Pastor Joel Osteen will welcome Kanye West to his Houston megachurch Sunday morning. Strange as their collaboration may seem, West and Osteen “are friends,” a Lakewood Church representative told the Houston Chronicle, having long ago set aside ideological differences over helping people during hurricanes to find common ground in their Christian faith. West recently recommitted his life to God and/or released an album, Jesus Is King, whose songs preach of the Lord’s awesome power to deliver you from the temptation of Instagram likes, and lead you toward finer, more expensive things. This is the precisely the kind of down-home prosperity gospel that’s music to Osteen’s ears, of course, which should make their planned conversation about “Kanye’s journey to faith” an illuminating one—at least until West inevitably goes off on a tangent about Drake, or how God called upon him to make weird algae shoes. God’s humble servant (who’s currently mulling a name change to “Christian Genius Billionaire Kanye West”) will return to perform at 7 p.m. with his traveling choir, stars of the weekly Sunday Service events that many regard as Kanye’s practice run for a megachurch of his own. You can become an early convert by tuning in via TV, SiriusXM, or Lakewood’s website, or simply following the aghast live-tweets.
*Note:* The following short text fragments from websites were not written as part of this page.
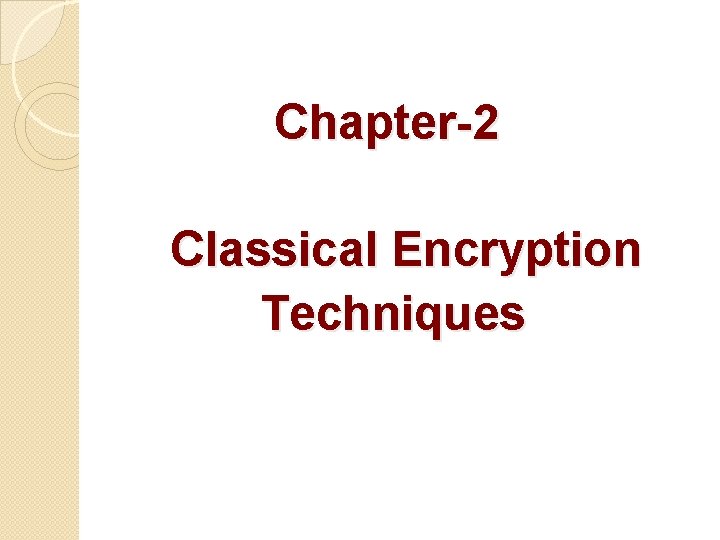 Chapter-2 Classical Encryption Techniques 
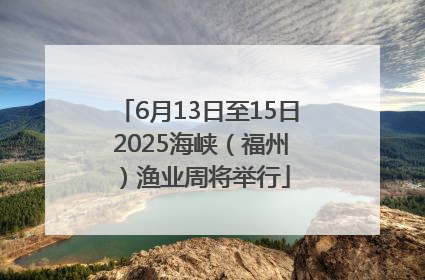 6月13日至15日 2025海峡（福州）渔业周将举行
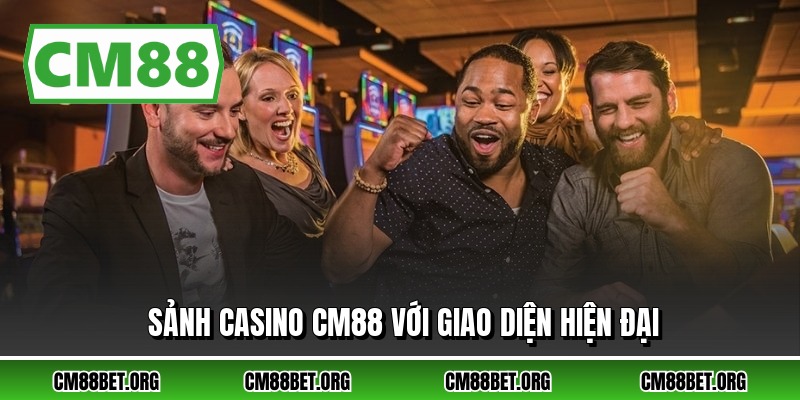 Sảnh casino CM88 với giao diện hiện đại
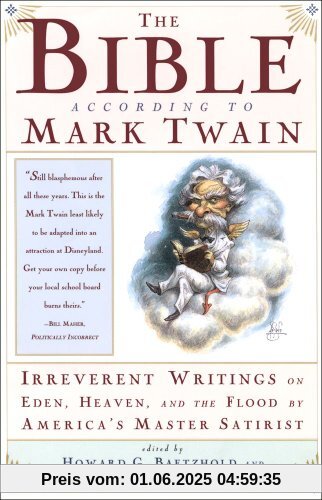 The Bible According to Mark Twain: Writings on Heaven, Eden and the Flood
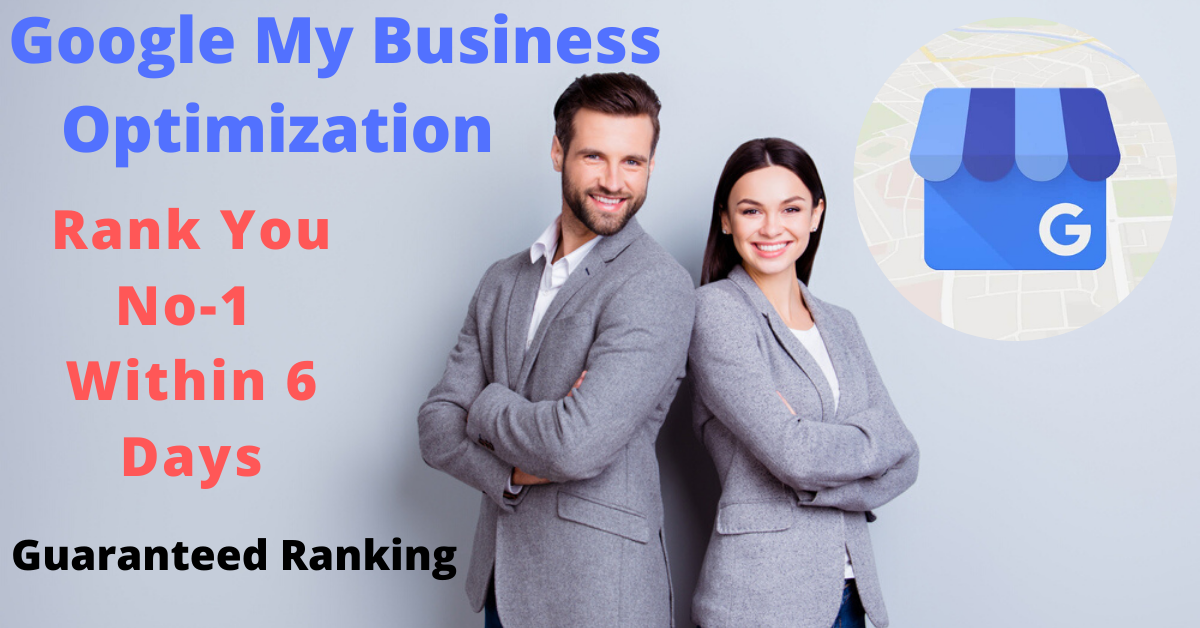 optimize google my business guranteed ranking within ...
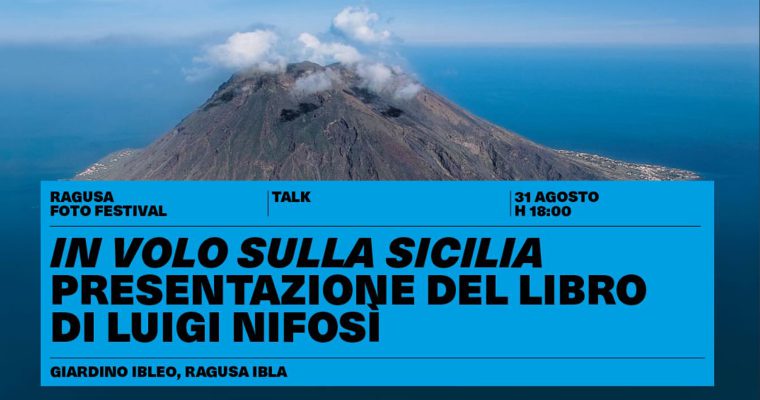 Luigi Nifosì – In volo sulla Sicilia – 31 agosto 2025 – Ragusa Ibla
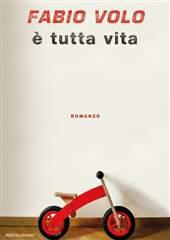 Libro "È tutta vita " di Fabio Volo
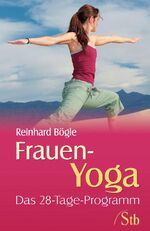 ISBN 9783897676565: Frauen Yoga - Das 28-Tage-Programm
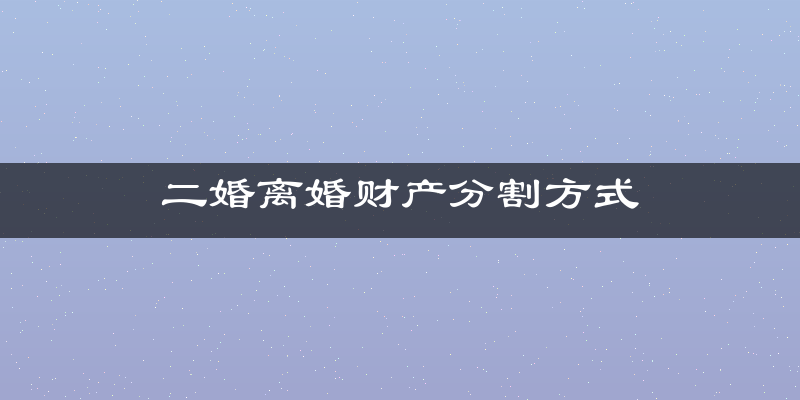 二婚离婚财产分割方式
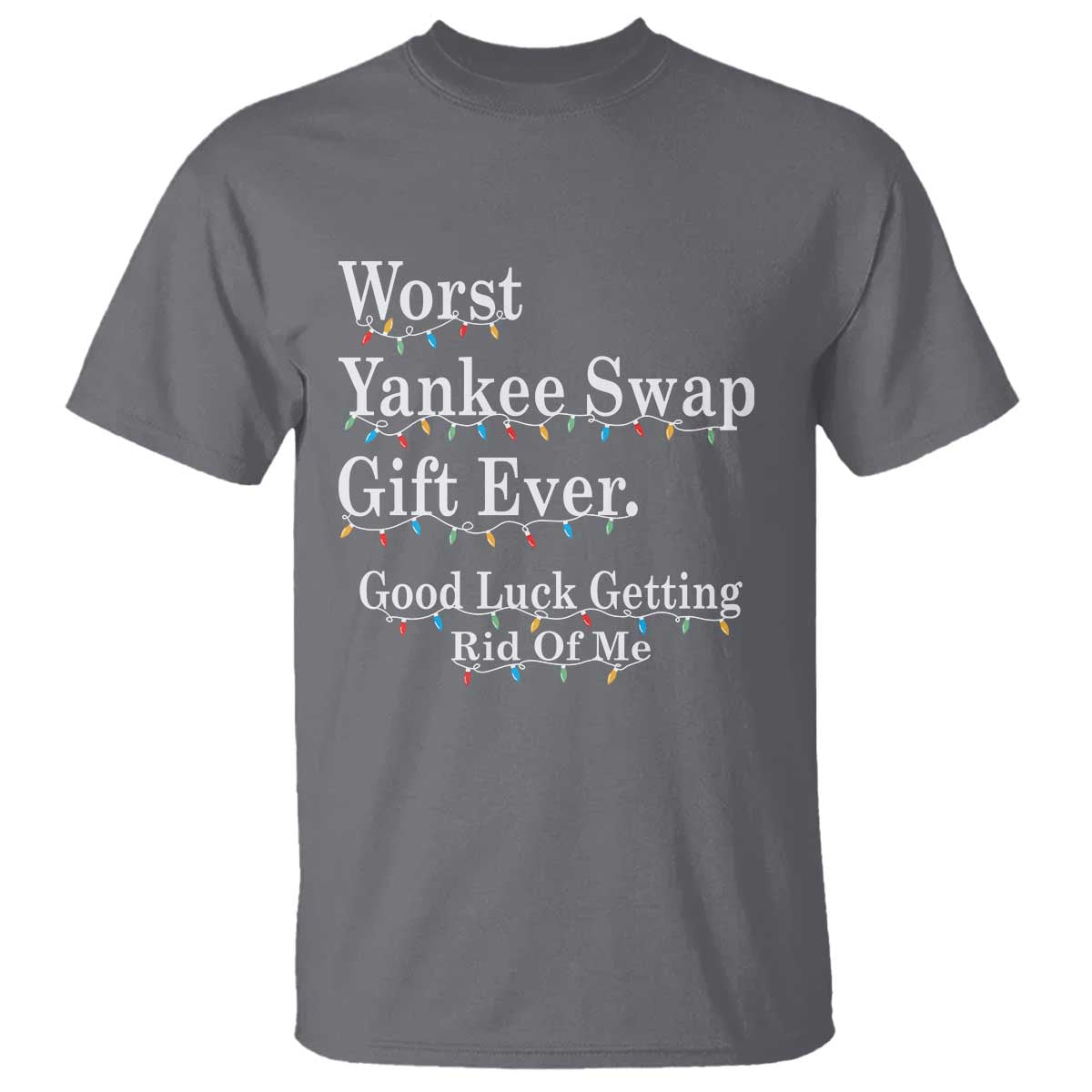 Worst Yankee Swap Gift Ever Good Luck Getting Rid Of Me T Shirt Christmas Gift Exchange TS11 Charcoal Print Your Wear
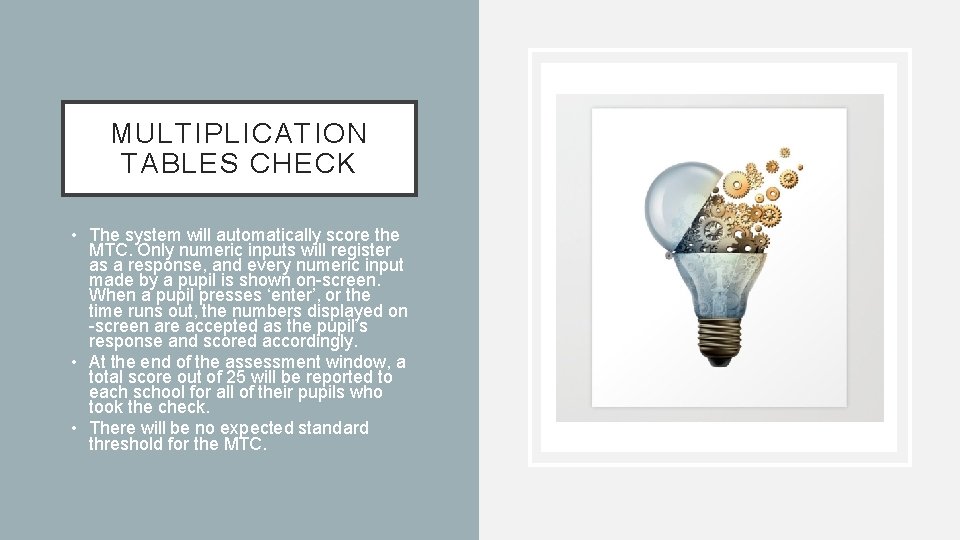 MULTIPLICATION TABLES CHECK • The system will automatically score the MTC. Only numeric inputs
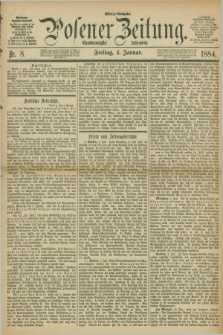 Posener Zeitung. Jg.91, Nr. 8 (4 Januar 1884) - Mittag=Ausgabe.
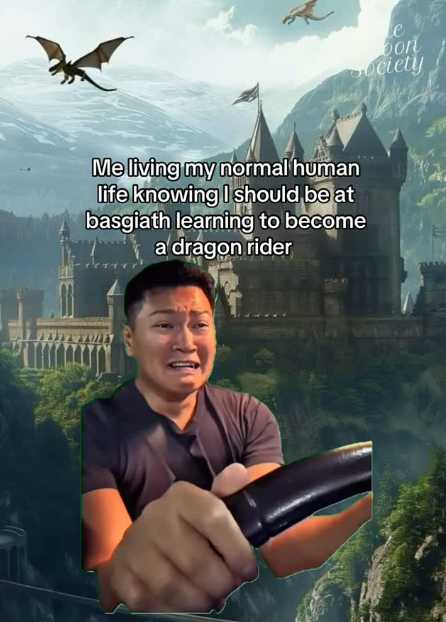 Me living my normal human life knowing I should be at basgiath learning to become a dragon rider e bor ociety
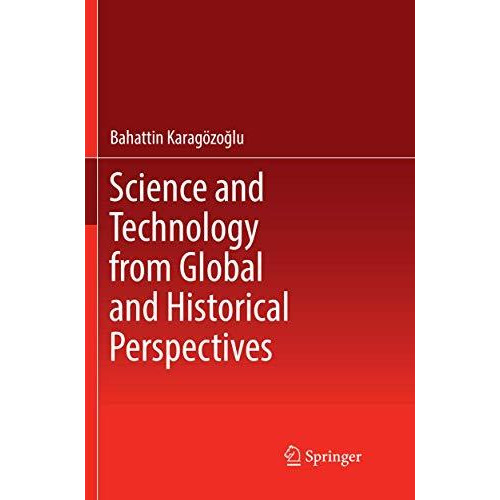 Science and Technology from Global and Historical Perspectives [Paperback]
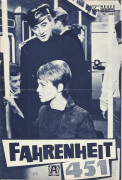 4485: Fahreinheit 451  ( Francois Truffaut )  Oskar Werner, Julie Christie, Cyril Cusack, Anton Diffring, Jeremy Spenser, Bee Duffell, Gillian Lewis, Anne Bell, Caroline Hunt, Anna Palk, Roma Milne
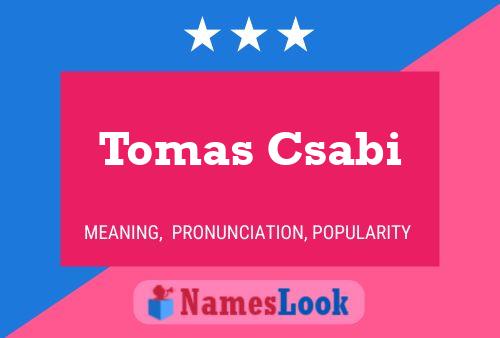 Tomas Csabi Name Poster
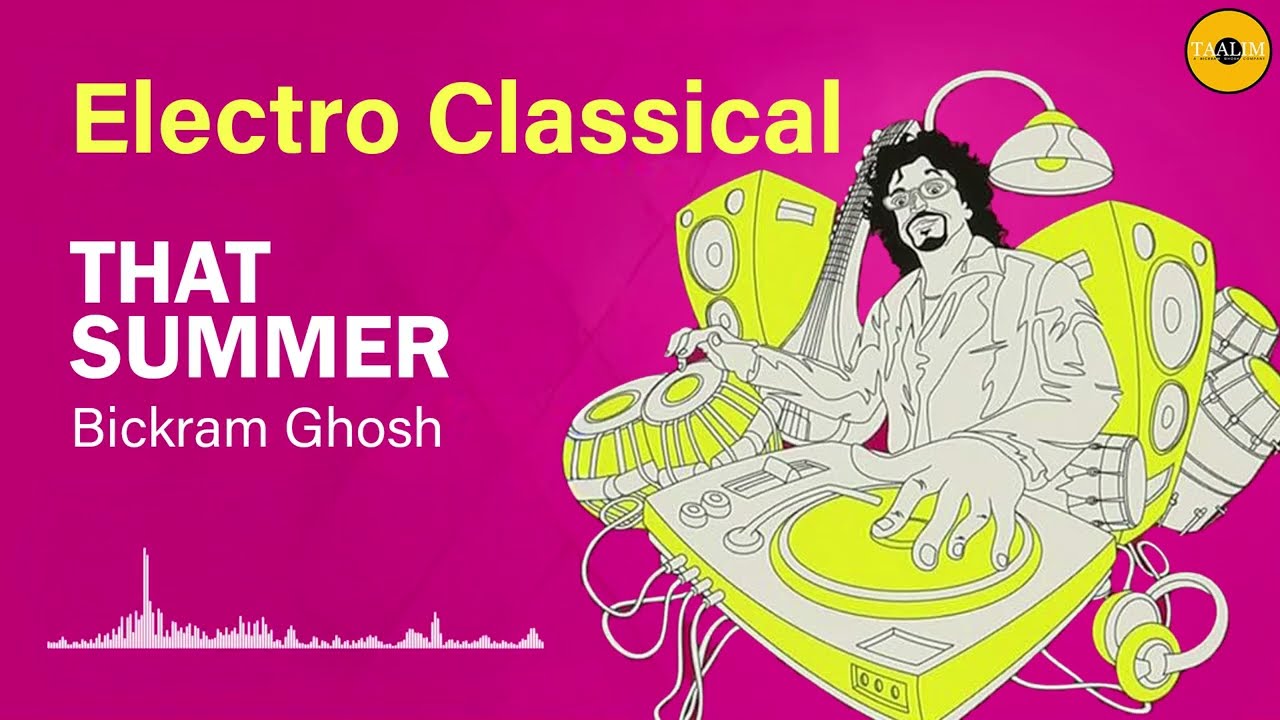 Watch That Summer – Bickram Ghosh | Electro Classical Fusion | Soulful Sitar & Fusion on YouTube Watch That Summer – Bickram Ghosh | Electro Classical Fusion | Soulful Sitar & Fusion on YouTube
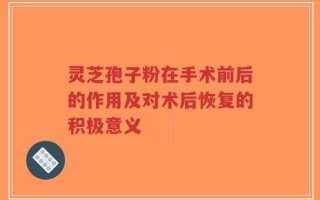 灵芝孢子粉在手术前后的作用及对术后恢复的积极意义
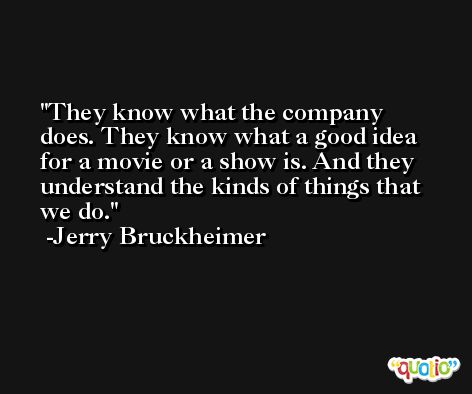 They know what the company does. They know what a good idea for a movie or a show is. And they understand the kinds of things that we do. -Jerry Bruckheimer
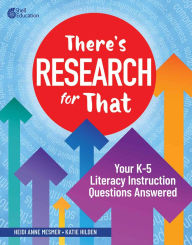 Title: There's Research for That: Your K-5 Literacy Instruction Questions Answered, Author: Heidi Anne Mesmer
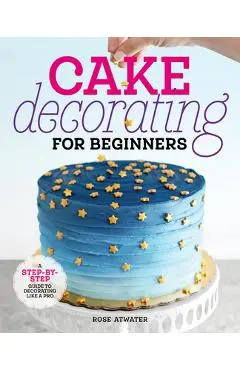 Cake Decorating for Beginners: A Step-By-Step Guide to Decorating Like a Pro - Rose Atwater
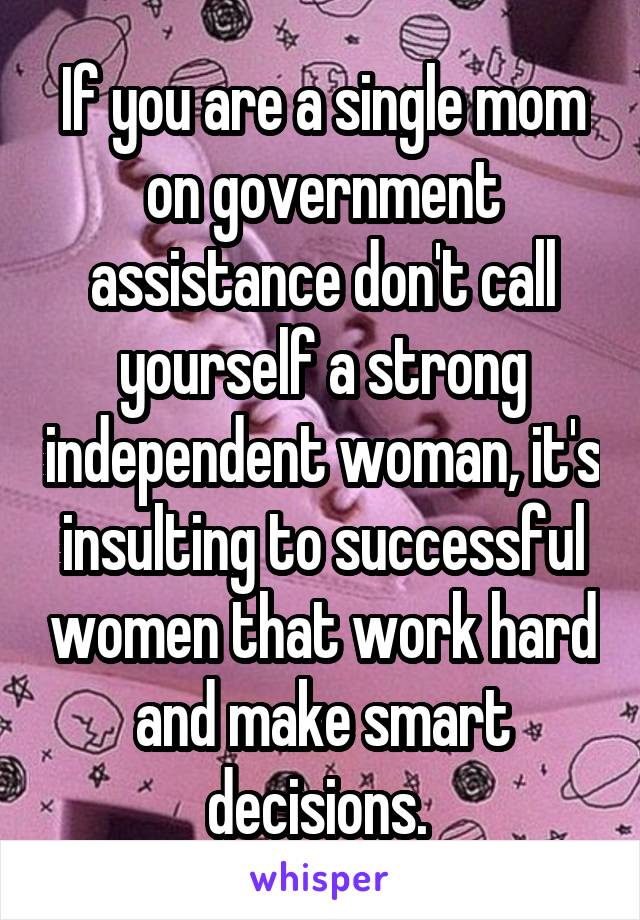 If you are a single mom on government assistance don't call yourself a strong independent woman, it's insulting to successful women that work hard and make smart decisions. 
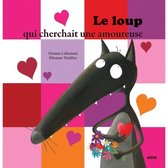 Le loup qui cherchait une amoureuse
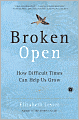 Broken Open: How Difficult Times Can Help Us Grow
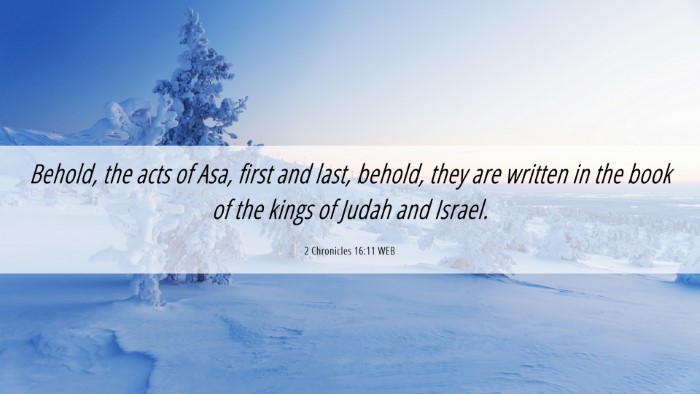 Picture 06 - 2 Chronicles 16:11 WEB Desktop Wallpaper - Behold, the acts of Asa, first and last, behold, - Desktop Bible Verse Wallpaper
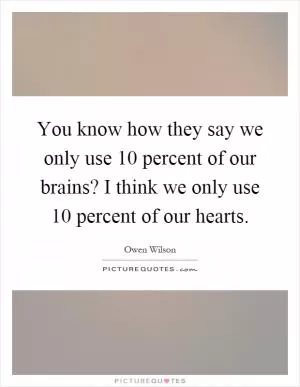 You know how they say we only use 10 percent of our brains? I think we only use 10 percent of our hearts Picture Quote #1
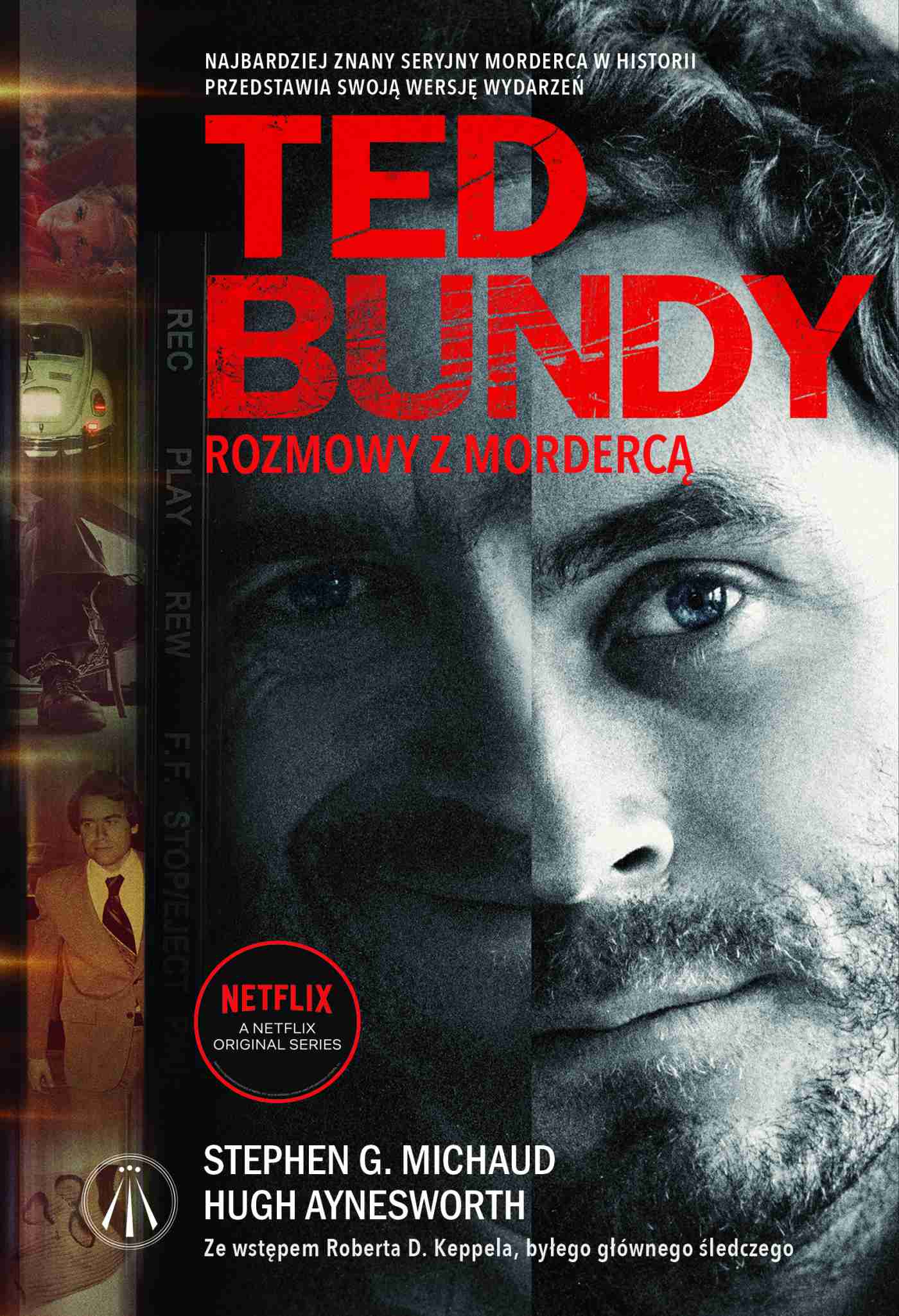 Okładka:Ted Bundy. Rozmowy z mordercą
Post Malone Tops the Charts

Kanye may have God on his side, but Dallas sort-of-rapper Post Malone currently has more disciples on Spotify. Malone’s third album, Hollywood’s Bleeding, returned to the No. 1 spot this week after briefly yielding to Kanye, earning Post Malone his fifth nonconsecutive week at the top of the Billboard 200. He’s the first artist to nab that (somewhat amended) honor since Drake released Scorpion, adding to a year that’s also seen him earning 2019’s largest one-week streaming total, and starring in that meme where he’s flashed by an audience member, an image I’ve now seen on social media a record-breaking 10,000 times.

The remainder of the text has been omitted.